• _RECORDED DATA_

= Beginning of Section =

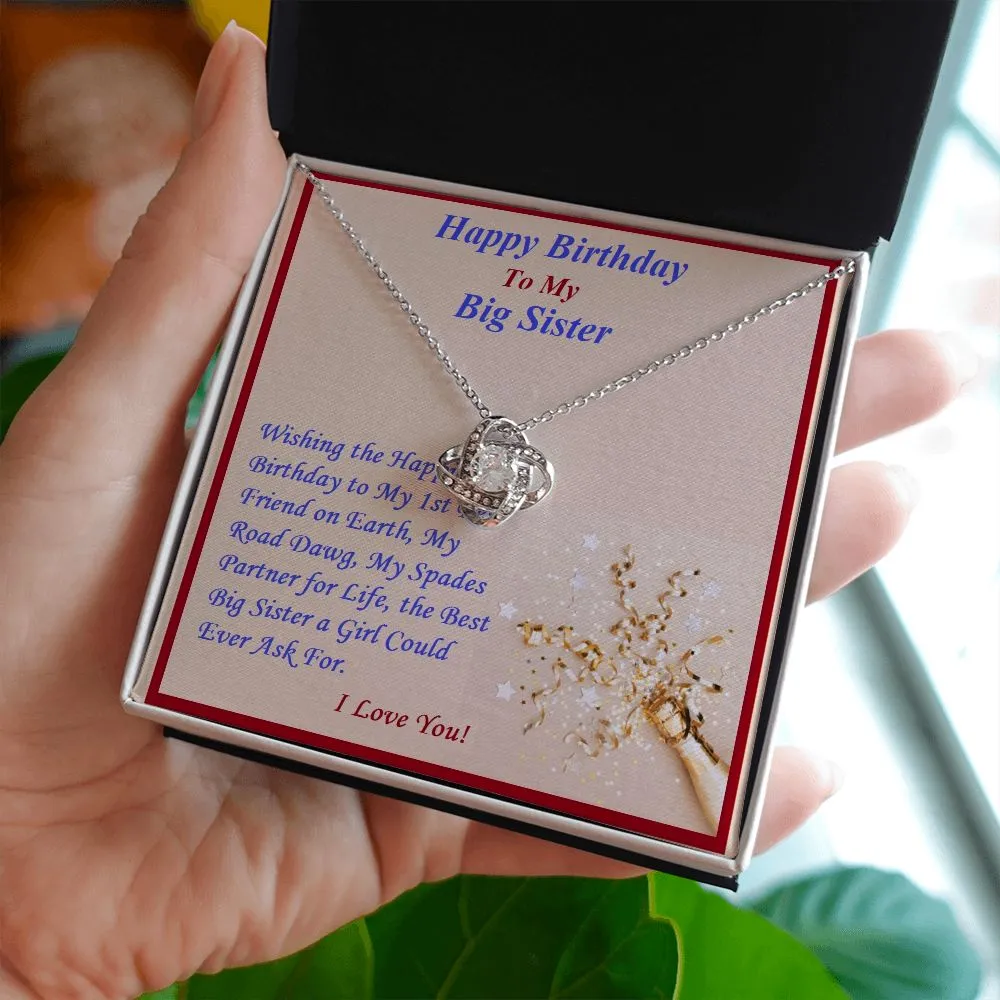 Love Knot Necklace, For Her, Custom Message Card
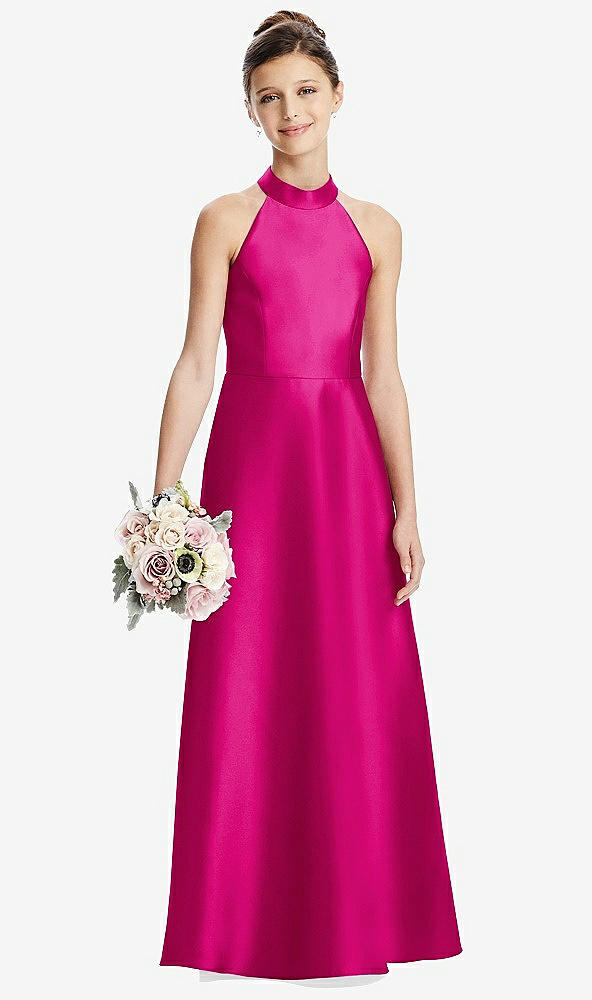 Front View - Think Pink Halter Open-back Satin Junior Bridesmaid Dress with Pockets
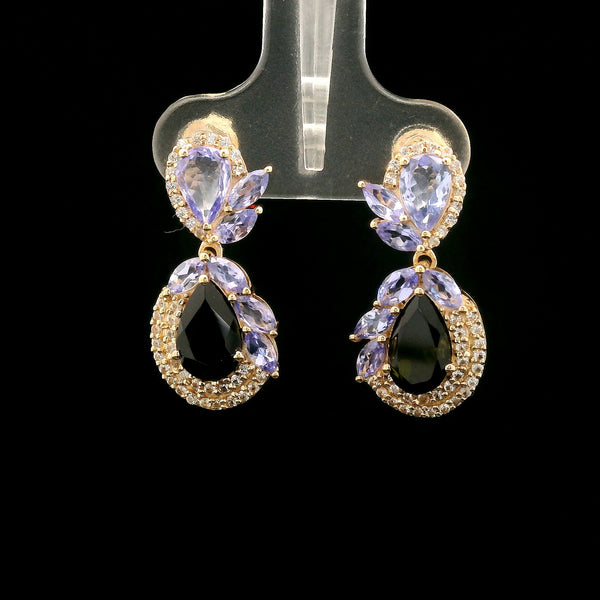 3.52 Ct Pear Tourmaline 14K Gold Earrings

= End of Section =

• _PROBLEM_
Your output must reproduce the material above in full, with no pictures.

• _PROBLEM SOLUTION_
 Love Knot Necklace, For Her, Custom Message Card
 Front View - Think Pink Halter Open-back Satin Junior Bridesmaid Dress with Pockets
 3.52 Ct Pear Tourmaline 14K Gold Earrings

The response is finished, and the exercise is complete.